1064–1071 crisis and famine in Egypt

The Mustansirite Hardship (الشِّدَّةُ المُسْتَنْصِرِيَّة) was a political crisis in Fatimid Egypt which resulted in a seven-year famine that occurred between 1064 and 1071 CE. Around 40,000 people are estimated to have starved to death during that period. The crisis occurred during the reign of Caliph al-Mustansir Billah, after whom it is named.

==Causes==
For several years before the crisis, the Nile failed to flood as was required for crop irrigation, which lowered agricultural outputs. In 1066, a quarrel between Turkish Mamluk slave-mercenaries and Sudanese slave-mercenaries escalated into a full-blown civil war, with both sides vying for control over the weak Caliph al-Mustansir. (Note: Much like eunuchs in East Asia, some slaves exerted political and court influence in state affairs during this period of Egyptian history.) The Caliph's mother, being an African slave-concubine herself, used her influence in favor of the African faction. The Turks were led by the general Nasir al-Dawla ibn Hamdan. Military engagement between the Turkish and African factions, including a siege of Cairo, led to further food shortages. Eventually, Nasir al-Dawla was able to rout the African forces and thus took control of the viziership of Egypt.

==Famine==
A market run on wheat and bread caused rapid inflation and the complete depletion of Fatimid state coffers.

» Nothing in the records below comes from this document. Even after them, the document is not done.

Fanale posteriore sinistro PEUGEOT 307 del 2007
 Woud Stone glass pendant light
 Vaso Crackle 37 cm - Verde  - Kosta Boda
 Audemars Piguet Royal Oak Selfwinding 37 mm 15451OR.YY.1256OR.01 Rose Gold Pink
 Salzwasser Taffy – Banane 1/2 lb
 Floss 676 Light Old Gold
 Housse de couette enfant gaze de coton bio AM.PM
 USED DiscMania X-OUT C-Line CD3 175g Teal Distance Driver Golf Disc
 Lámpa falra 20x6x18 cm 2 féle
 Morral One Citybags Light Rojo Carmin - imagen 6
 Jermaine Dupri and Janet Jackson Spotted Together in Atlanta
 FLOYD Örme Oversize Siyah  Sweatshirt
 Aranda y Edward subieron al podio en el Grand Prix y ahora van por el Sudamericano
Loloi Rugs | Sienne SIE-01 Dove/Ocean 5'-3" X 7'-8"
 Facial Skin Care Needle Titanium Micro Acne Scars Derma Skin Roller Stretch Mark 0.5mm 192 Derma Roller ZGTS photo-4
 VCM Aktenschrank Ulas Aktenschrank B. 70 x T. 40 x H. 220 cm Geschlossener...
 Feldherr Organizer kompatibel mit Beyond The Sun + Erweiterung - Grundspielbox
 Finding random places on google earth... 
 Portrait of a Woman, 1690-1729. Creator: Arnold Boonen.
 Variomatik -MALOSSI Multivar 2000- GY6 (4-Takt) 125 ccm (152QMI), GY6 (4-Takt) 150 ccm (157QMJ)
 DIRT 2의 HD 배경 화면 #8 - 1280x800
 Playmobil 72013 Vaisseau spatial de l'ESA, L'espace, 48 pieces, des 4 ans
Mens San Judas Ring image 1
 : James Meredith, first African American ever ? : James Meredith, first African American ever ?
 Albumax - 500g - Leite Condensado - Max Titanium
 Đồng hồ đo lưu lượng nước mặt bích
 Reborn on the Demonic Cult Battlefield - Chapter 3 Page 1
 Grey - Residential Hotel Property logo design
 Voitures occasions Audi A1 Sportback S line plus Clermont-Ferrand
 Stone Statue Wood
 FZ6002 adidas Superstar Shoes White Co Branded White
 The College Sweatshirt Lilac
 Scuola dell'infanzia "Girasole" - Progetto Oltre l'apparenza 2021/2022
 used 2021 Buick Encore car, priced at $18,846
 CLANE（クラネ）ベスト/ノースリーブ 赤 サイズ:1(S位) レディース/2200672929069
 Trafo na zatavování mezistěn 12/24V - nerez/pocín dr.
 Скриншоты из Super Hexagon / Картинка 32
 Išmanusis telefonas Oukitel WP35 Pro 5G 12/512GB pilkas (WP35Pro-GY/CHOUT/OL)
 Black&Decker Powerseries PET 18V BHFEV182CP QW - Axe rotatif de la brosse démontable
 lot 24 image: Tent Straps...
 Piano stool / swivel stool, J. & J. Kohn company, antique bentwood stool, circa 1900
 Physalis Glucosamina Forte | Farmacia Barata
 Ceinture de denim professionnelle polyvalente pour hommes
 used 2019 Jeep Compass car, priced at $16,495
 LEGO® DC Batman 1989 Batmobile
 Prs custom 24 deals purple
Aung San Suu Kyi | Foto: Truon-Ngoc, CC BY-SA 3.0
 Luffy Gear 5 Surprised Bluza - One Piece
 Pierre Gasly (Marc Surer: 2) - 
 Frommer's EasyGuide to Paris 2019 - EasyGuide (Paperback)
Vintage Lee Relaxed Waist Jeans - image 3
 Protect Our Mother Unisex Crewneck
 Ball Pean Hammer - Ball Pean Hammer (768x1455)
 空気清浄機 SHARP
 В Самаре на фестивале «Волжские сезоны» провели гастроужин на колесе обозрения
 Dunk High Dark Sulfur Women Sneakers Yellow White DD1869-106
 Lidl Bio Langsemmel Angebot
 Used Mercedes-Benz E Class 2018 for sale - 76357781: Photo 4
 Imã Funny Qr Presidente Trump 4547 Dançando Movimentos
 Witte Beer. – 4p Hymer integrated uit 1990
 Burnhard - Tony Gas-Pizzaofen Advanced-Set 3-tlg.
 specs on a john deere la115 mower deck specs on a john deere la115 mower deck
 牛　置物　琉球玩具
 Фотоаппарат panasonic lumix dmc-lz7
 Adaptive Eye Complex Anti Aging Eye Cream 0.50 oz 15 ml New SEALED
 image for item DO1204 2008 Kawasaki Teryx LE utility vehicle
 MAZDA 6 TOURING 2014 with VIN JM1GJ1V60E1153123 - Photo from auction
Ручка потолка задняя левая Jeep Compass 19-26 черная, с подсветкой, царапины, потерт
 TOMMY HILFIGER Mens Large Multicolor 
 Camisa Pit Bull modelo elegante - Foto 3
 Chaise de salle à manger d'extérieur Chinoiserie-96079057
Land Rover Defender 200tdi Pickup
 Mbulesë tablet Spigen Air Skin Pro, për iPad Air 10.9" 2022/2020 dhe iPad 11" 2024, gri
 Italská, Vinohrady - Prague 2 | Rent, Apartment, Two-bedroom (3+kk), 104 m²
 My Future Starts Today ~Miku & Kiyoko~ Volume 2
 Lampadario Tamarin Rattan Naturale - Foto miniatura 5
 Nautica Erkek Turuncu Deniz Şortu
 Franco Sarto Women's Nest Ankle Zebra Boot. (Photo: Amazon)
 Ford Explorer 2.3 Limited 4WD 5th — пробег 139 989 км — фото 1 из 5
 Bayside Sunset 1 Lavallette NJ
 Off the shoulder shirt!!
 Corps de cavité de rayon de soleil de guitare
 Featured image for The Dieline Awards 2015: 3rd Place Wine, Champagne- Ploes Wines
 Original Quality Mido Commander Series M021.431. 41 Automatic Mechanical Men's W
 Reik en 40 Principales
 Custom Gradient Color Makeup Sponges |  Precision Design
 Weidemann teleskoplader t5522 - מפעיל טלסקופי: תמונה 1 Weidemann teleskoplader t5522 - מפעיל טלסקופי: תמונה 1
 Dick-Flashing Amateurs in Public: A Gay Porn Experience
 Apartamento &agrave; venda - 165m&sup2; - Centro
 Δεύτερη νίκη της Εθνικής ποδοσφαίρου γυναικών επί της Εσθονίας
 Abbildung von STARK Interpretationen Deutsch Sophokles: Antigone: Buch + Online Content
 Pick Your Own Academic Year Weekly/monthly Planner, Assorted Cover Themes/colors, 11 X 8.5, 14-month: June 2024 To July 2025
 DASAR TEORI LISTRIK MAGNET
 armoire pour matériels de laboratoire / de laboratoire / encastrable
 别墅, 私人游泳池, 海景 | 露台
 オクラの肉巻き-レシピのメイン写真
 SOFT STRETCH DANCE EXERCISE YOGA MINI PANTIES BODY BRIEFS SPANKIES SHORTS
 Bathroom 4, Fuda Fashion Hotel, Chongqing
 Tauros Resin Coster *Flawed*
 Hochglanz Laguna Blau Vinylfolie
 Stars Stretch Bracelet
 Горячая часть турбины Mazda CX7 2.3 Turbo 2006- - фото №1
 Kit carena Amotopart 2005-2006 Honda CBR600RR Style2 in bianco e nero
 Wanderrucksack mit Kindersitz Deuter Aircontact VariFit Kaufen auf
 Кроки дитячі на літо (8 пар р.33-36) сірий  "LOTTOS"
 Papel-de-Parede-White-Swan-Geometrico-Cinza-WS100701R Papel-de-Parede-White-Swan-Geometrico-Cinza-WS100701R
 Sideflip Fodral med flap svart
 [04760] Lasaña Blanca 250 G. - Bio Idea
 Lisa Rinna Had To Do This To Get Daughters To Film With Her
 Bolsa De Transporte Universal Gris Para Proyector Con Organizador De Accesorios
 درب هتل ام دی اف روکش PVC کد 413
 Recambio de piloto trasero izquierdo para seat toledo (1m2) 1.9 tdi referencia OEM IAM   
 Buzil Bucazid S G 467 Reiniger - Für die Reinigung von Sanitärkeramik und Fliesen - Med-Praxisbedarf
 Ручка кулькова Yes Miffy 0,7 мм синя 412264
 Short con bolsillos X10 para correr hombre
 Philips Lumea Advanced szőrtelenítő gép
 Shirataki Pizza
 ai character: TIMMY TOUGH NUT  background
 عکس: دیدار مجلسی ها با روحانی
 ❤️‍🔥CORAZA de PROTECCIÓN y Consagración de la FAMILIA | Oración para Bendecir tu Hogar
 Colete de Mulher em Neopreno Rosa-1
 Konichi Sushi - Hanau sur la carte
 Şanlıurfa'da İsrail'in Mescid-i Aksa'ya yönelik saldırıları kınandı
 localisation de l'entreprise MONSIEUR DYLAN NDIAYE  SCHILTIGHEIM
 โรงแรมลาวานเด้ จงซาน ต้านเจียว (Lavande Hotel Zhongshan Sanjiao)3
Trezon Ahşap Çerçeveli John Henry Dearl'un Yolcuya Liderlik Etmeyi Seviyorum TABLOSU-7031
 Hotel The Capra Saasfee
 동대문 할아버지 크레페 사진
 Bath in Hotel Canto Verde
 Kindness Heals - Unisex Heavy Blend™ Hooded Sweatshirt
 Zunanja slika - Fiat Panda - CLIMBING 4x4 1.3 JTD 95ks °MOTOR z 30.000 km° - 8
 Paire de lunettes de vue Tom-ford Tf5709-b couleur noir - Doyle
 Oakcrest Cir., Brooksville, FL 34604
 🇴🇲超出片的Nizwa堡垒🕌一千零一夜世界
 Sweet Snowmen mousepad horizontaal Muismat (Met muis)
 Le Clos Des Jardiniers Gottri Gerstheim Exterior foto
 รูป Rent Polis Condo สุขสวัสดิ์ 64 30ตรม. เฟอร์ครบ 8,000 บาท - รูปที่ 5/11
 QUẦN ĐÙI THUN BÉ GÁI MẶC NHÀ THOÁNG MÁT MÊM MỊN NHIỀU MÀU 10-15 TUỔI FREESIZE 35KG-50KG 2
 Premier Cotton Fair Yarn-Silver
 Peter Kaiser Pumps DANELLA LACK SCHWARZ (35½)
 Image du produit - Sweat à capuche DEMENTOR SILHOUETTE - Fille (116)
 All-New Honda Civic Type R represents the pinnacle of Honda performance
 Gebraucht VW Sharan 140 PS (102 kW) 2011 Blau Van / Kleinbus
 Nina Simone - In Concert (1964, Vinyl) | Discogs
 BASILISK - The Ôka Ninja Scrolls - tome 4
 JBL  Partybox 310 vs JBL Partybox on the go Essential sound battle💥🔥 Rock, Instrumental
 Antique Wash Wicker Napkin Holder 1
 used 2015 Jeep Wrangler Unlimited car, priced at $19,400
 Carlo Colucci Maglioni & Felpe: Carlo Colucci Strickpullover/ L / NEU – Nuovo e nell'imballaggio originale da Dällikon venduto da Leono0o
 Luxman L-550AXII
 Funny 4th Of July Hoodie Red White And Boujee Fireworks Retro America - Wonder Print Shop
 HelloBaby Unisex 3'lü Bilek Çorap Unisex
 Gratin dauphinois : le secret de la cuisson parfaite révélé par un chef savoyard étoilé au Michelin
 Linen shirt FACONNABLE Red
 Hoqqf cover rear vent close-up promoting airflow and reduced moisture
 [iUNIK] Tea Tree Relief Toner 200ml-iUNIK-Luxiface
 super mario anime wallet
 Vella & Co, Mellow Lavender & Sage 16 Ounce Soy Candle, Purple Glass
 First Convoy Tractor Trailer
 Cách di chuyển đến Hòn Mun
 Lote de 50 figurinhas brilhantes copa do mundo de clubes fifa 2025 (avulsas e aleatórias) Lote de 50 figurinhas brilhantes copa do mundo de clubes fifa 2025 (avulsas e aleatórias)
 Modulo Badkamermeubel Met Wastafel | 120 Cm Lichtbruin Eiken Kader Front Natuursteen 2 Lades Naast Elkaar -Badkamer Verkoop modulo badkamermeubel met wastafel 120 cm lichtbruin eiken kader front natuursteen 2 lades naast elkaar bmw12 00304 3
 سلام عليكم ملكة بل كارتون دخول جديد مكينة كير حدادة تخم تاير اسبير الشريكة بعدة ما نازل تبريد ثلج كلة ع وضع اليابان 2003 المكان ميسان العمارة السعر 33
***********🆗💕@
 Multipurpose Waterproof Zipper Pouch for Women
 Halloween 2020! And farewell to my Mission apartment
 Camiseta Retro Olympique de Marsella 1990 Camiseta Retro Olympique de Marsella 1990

Soon enough, food became too expensive, if not unobtainable, for the average Egyptian. The 14th-century Egyptian historian al-Maqrizi relates some of the desperate measures taken by the starving masses during this time—cannibalism became commonplace, and some even resorted to kidnapping passersby by use of hooks dangled from the roof of buildings, upon which the kidnappers would eat the victim. The corpses of executed criminals were also eaten. Dogs were sold at 5 silver dirhams each, which eventually caused a shortage of dogs. Al-Maqrizi also relates the story of a woman who had strips of flesh cut from her thighs by hungry kidnappers. Several cities were completely depopulated as a result of the famine, including al-Askar and al-Qata'i, and other cities such as Fustat saw the majority of their populations perish.

Some Arab historians likened this famine to Egypt's seven-year famine described in Judeo-Christian and Islamic tradition.